Caption-style text data
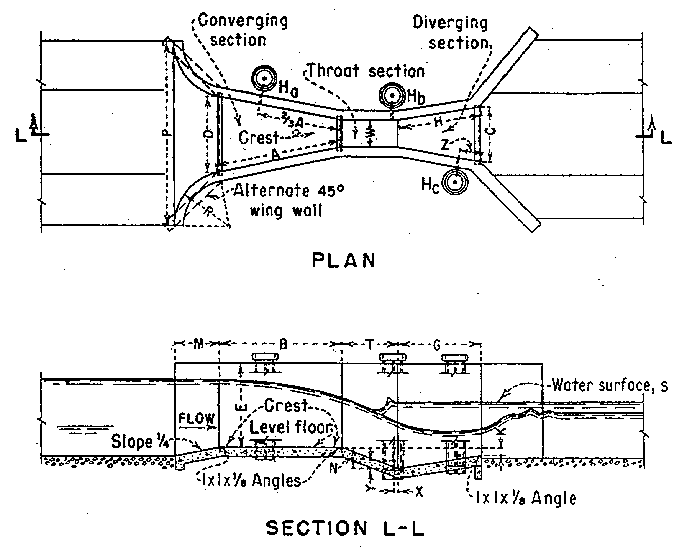 USBR Water Measurement Manual Chapter 8 FLUMES, Section 10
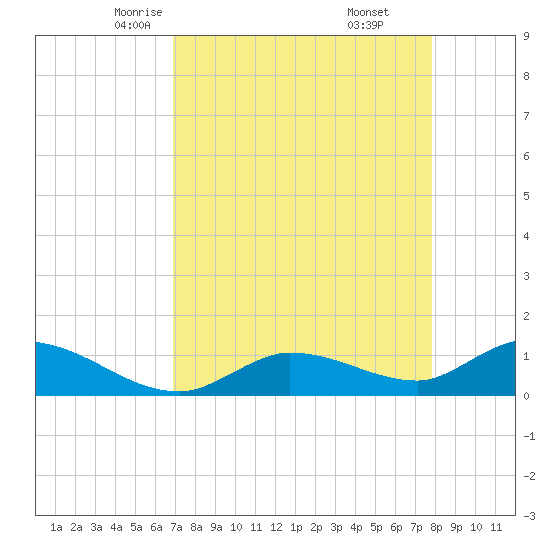 Fat Deer Key tide chart for Wednesday, April 23, 2025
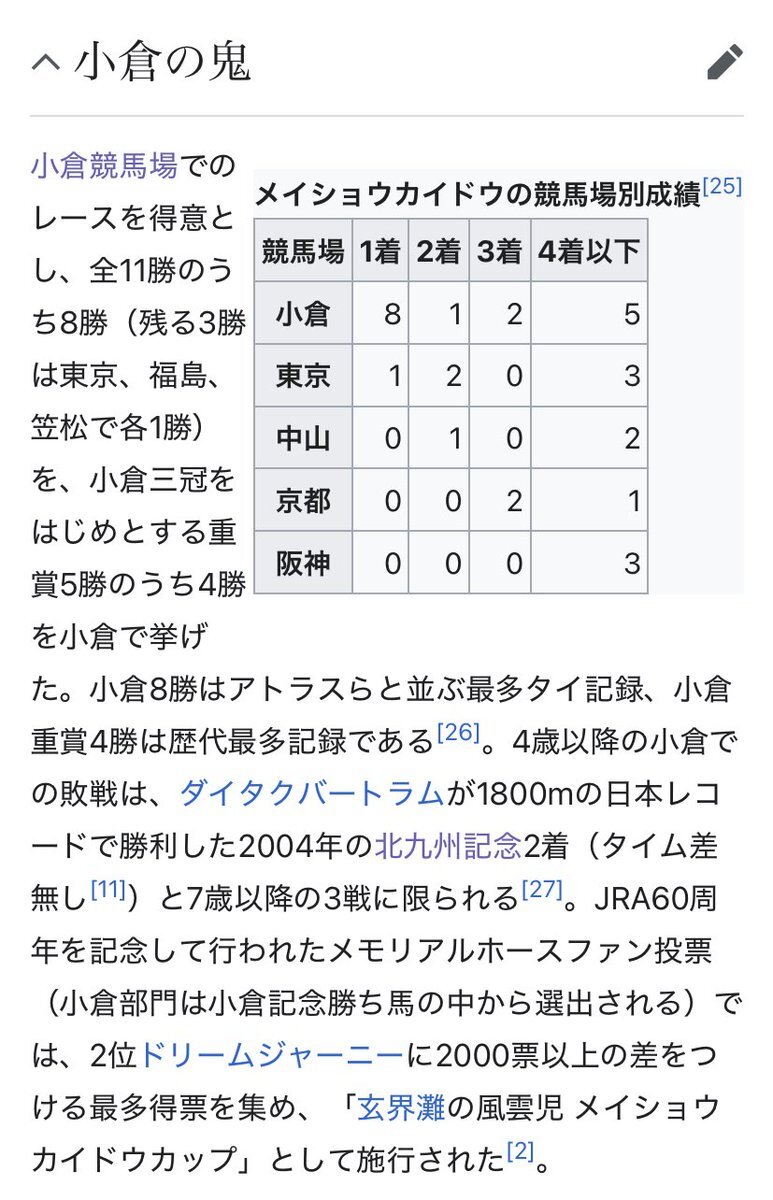 りあむ役声優・星希成奏さん、ウマ娘に参戦！ファン歓喜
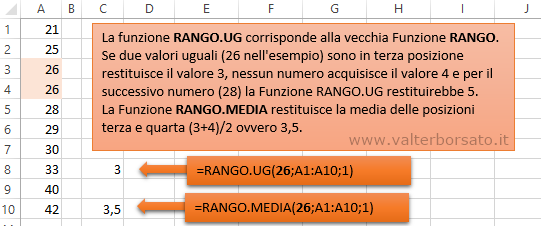 Excel: Funzioni statistiche: Applicare  la Funzione RANGO.UG e RANGO.MEDIA
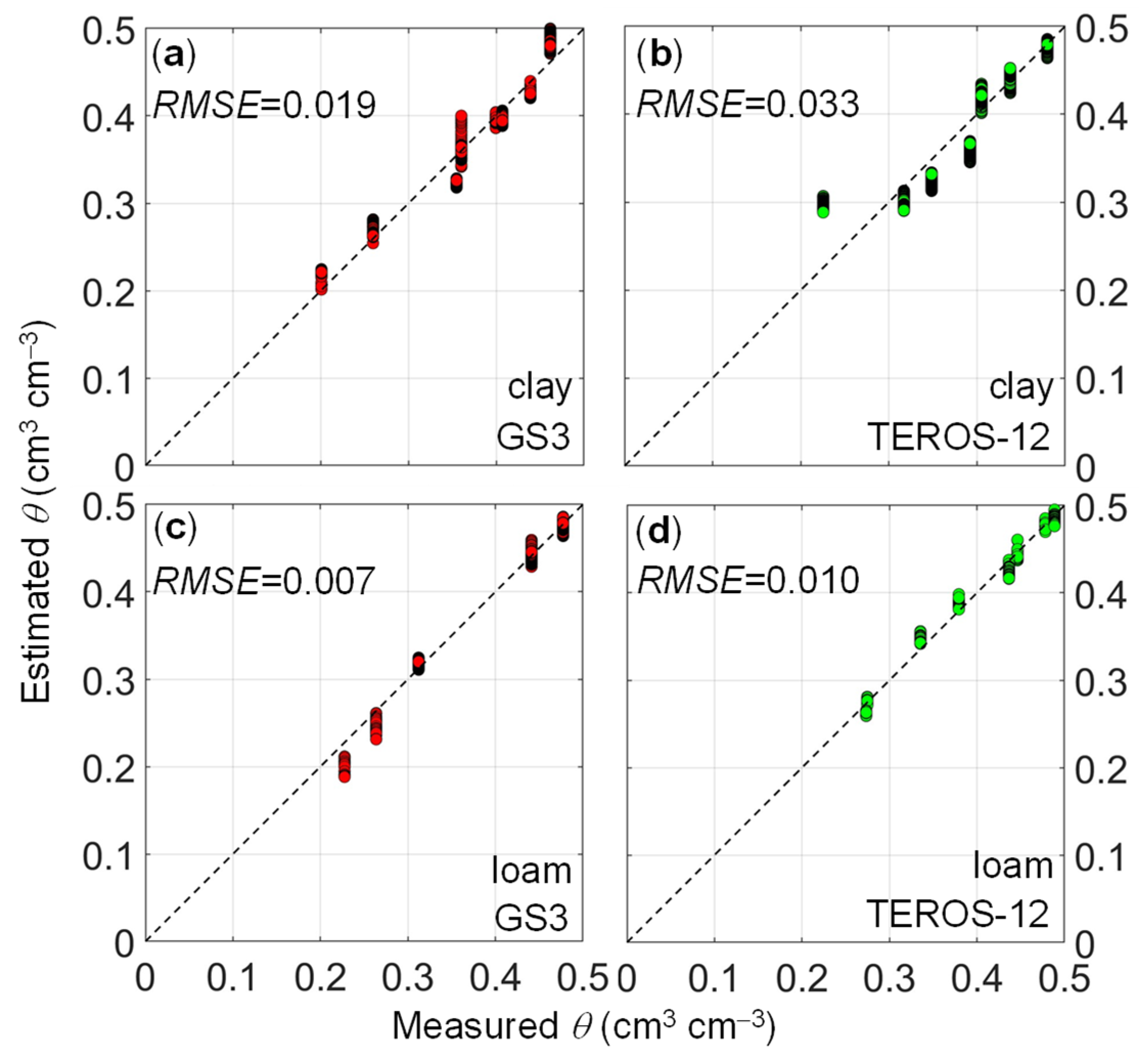 Sensors 24 00952 g006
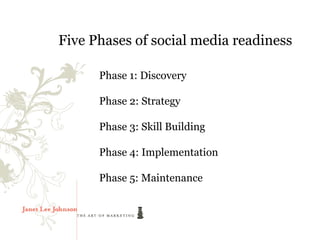 Five Phases of social media readiness

      Phase 1: Discovery

      Phase 2: Strategy

      Phase 3: Skill Building

      Phase 4: Implementation

      Phase 5: Maintenance
 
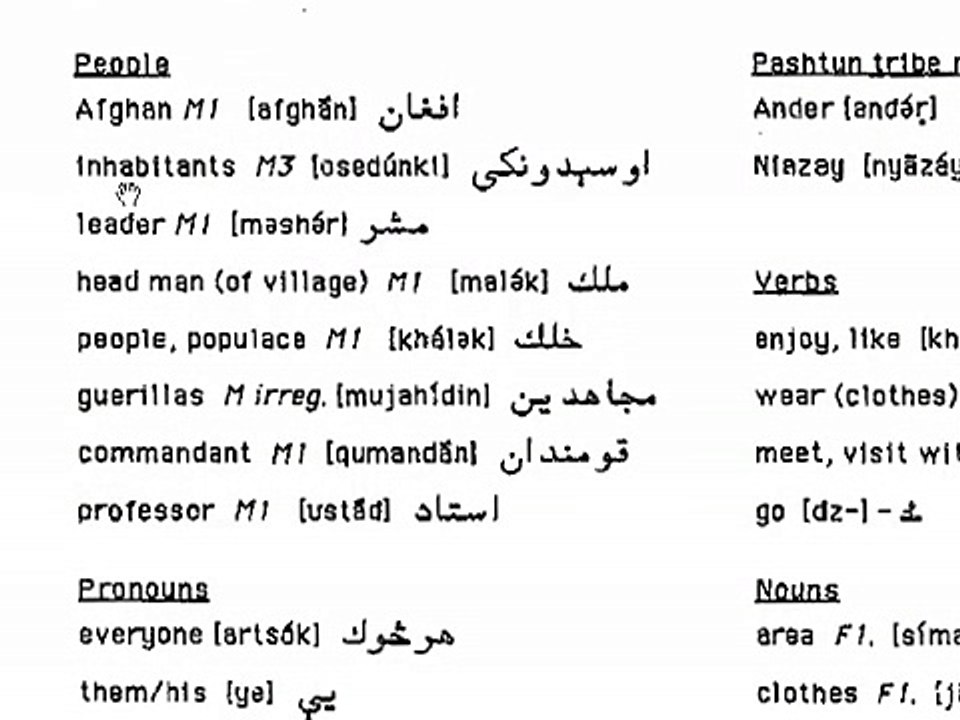 Learn Pashto Unit 3C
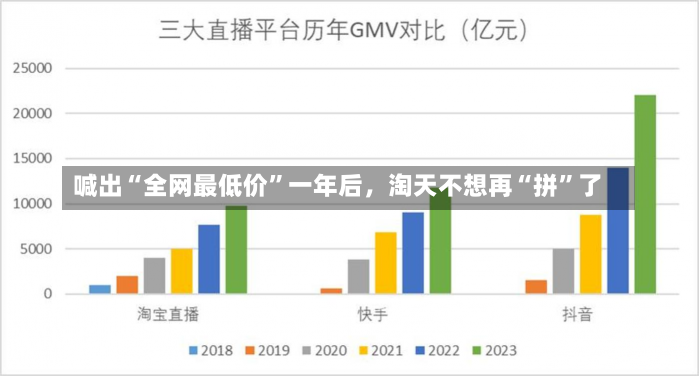 喊出“全网最低价”一年后，淘天不想再“拼”了-第2张图片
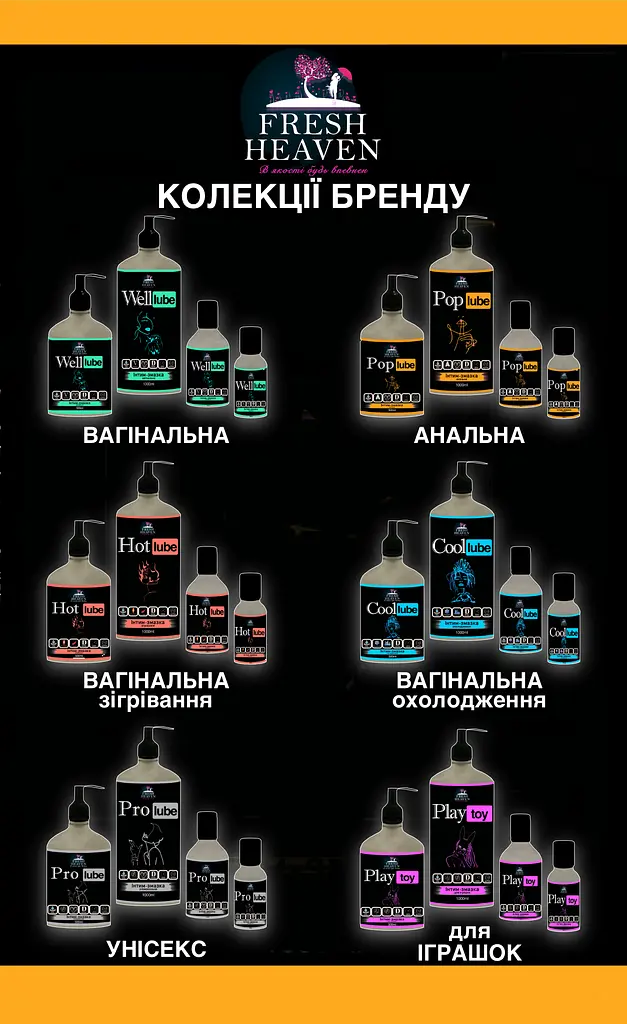 Iнтим-змазка Fresh Heaven анальна Pop Lube 1000ml та охолоджуюча Сool Lube 250ml  - фото 8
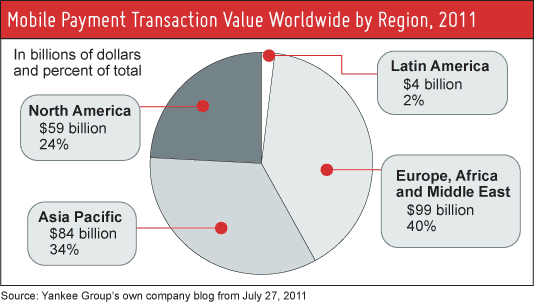 Host Merchant Services shows Yankee Group's research on Mobile Payment Transaction Value by Region, 2011.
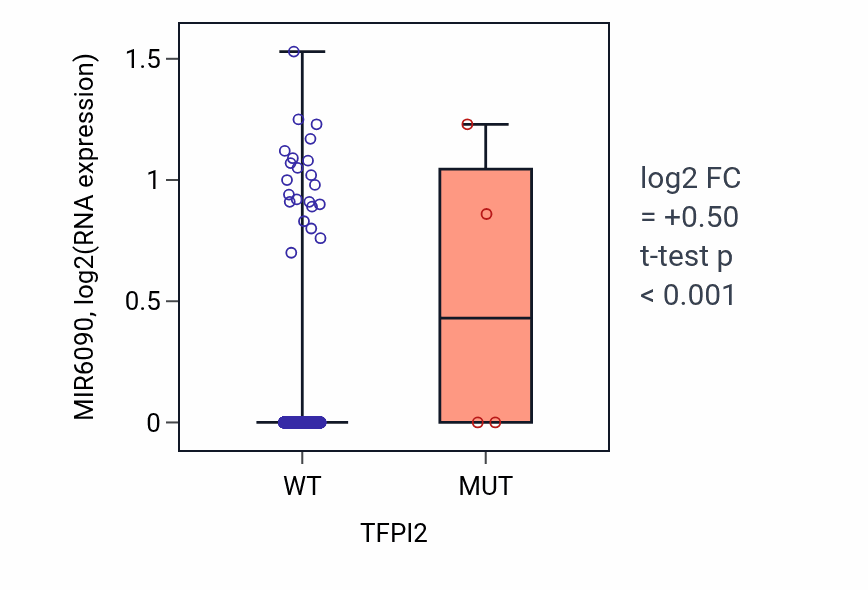 Box plot of MIR6090 in TFPI2-low vs TFPI2-high samples in BRCA.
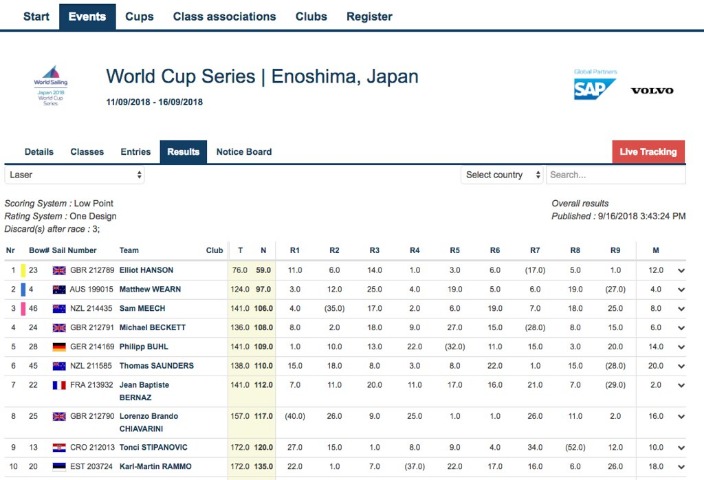 激情对决,意甲焦点战,拉齐奥与那,开云体育,开云体育官网,开云体育app,开云体育平台,KAIYUN,SPORTS,kaiyun登录入口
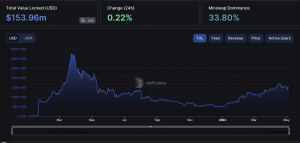 Cardano [ADA]: La red de capa 1 lanza la primera cabeza de Hydra a medida que se intensifica la guerra de escalabilidad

#### THE PROBLEM
Go back to the lines above and output, exactly as they stand, the ones from the line containing "Sensors 24 00952 g006" to the line containing "Host Merchant Services". Leave all pictures behind.

#### EXPECTED ANSWER
 Sensors 24 00952 g006
 Five Phases of social media readiness

      Phase 1: Discovery

      Phase 2: Strategy

      Phase 3: Skill Building

      Phase 4: Implementation

      Phase 5: Maintenance
 
 Learn Pashto Unit 3C
 喊出“全网最低价”一年后，淘天不想再“拼”了-第2张图片
 Iнтим-змазка Fresh Heaven анальна Pop Lube 1000ml та охолоджуюча Сool Lube 250ml  - фото 8
 Host Merchant Services shows Yankee Group's research on Mobile Payment Transaction Value by Region, 2011.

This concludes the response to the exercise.